Frischling suggests the Fed desires a strong housing market to stimulate the U.S. economy in a way that gets the jobless back to work. The idea is that if the Fed directly stimulates housing, it may indirectly put a dent in unemployment by boosting the construction and home maintenance industries.
After all, homeownership is now cheaper than renting in the nation’s largest housing markets, and Frischling expects “lower rates will offset the increasing guaranty costs of the GSEs” while stimulating homebuyer demand.
“Mortgage applications have been fairly lackluster, but expect that to change,” he added in a NewOak Capital market report. “There will also be a spike in refinancing as a result of the lower rates which will translate into more money in the pockets of consumers.”

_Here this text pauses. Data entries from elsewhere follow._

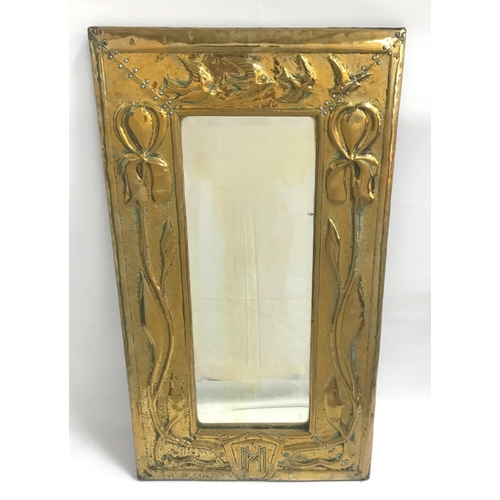 352 - ARTS AND CRAFTS BRASS WALL MIRROR
with an oblong embossed frame decorated with birds and flowers and...
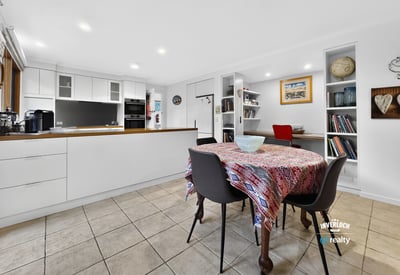 Bright and inviting kitchen and dining area, featuring modern finishes and ample storage space.
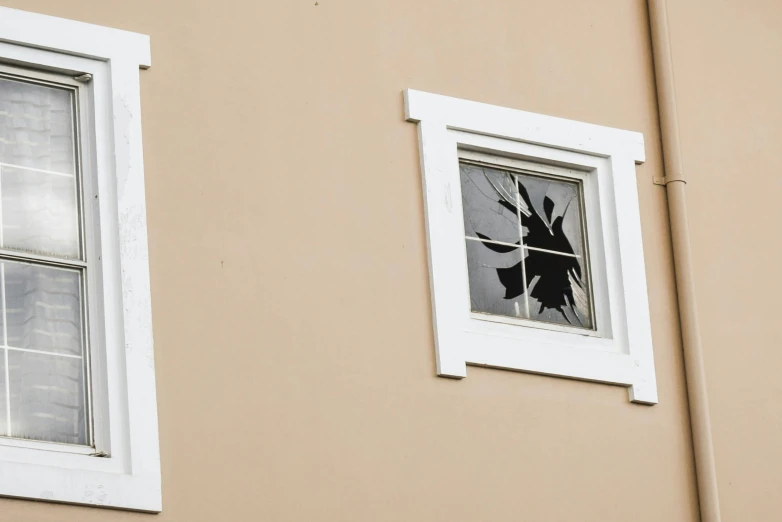 an open window with a broken glass in the reflection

But Christopher Whalen with Tangent Capital Partners said the Fed is simply fighting deflation and frets over the idea that “the Fed’s leaders continue to pretend that driving down yields in the RMBS markets will have any impact on the housing sector or the economy.”

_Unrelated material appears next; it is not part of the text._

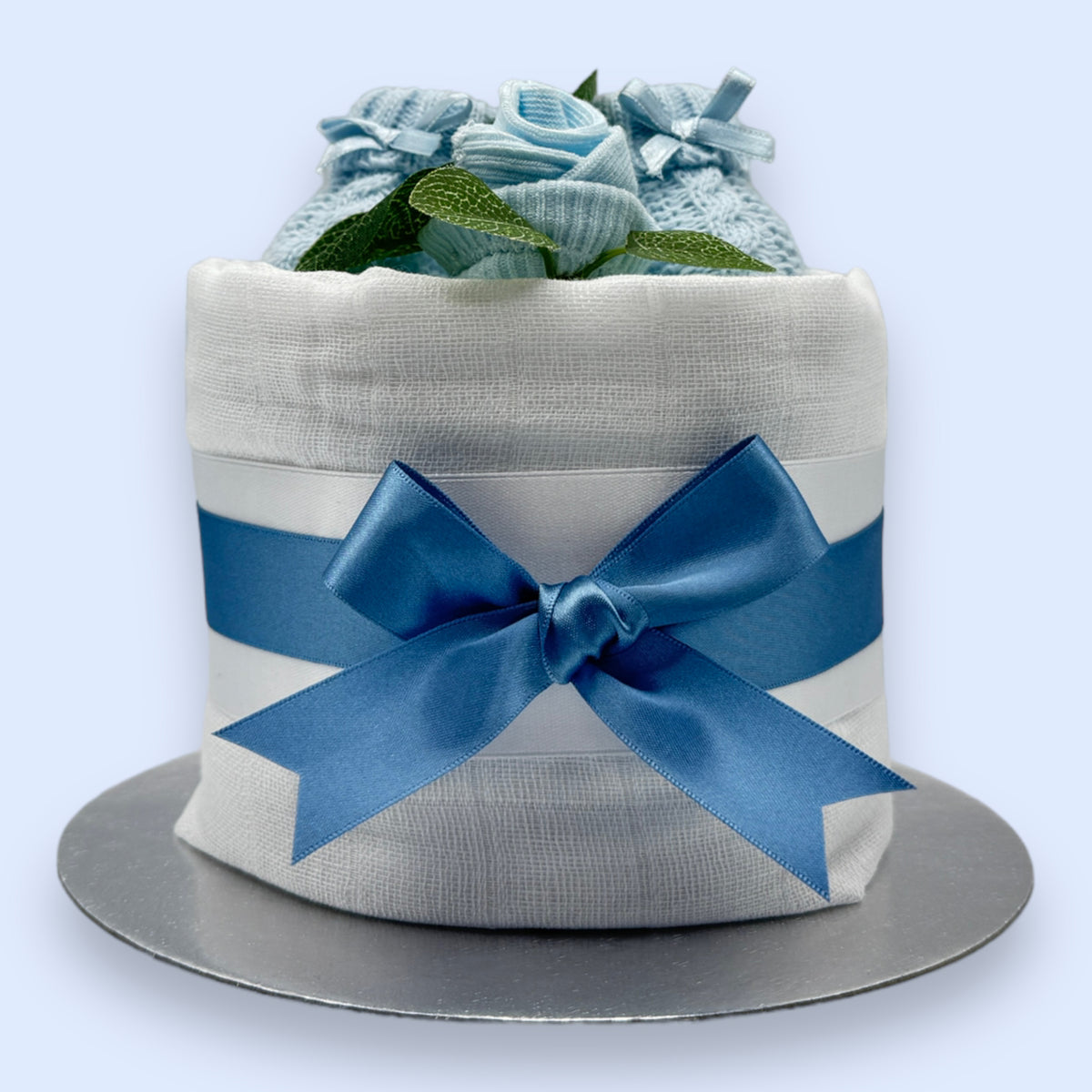 Mini blue nappy cake with knitted baby booties, sock rose and blue satin bow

“The two thirds of the mortgage market that cannot refinance their homes will be unaffected by QE3,” he wrote this week. “In fact, the latest Fed purchases are a gift to Fannie Mae and Freddie Mac, the too-big-to-fail banks and the hedge fund community. A fund on the floor of our offices in New York actually started dancing around like little children shouting ‘QE3’ after the Bernanke press conference.”
Whatever the outcome of QE3, there may be one missing component to the Fed’s analysis. Whalen subtly points to it in his own estimation of what is wrong — wages and actual hiring. “Instead of looking for ways to stoke consumer demand by restoring income and consumer demand, the Fed is simply feeding subsidies to Wall Street. Since the Fed does not think that savers like grandparents and corporations spend money, the error is magnified several orders of magnitude,” Whalen wrote.
Ron D’Vari, CEO of NewOak Capital also added that “the Great U.S. Recession officially ended over three years ago, yet housing and employment are still in the troubled zone, pointing to very powerful unresolved underlying economic issues,” D’Vari wrote. “Now the key question is if this time housing will pull the economy up — or will the slowing economy overpower it?”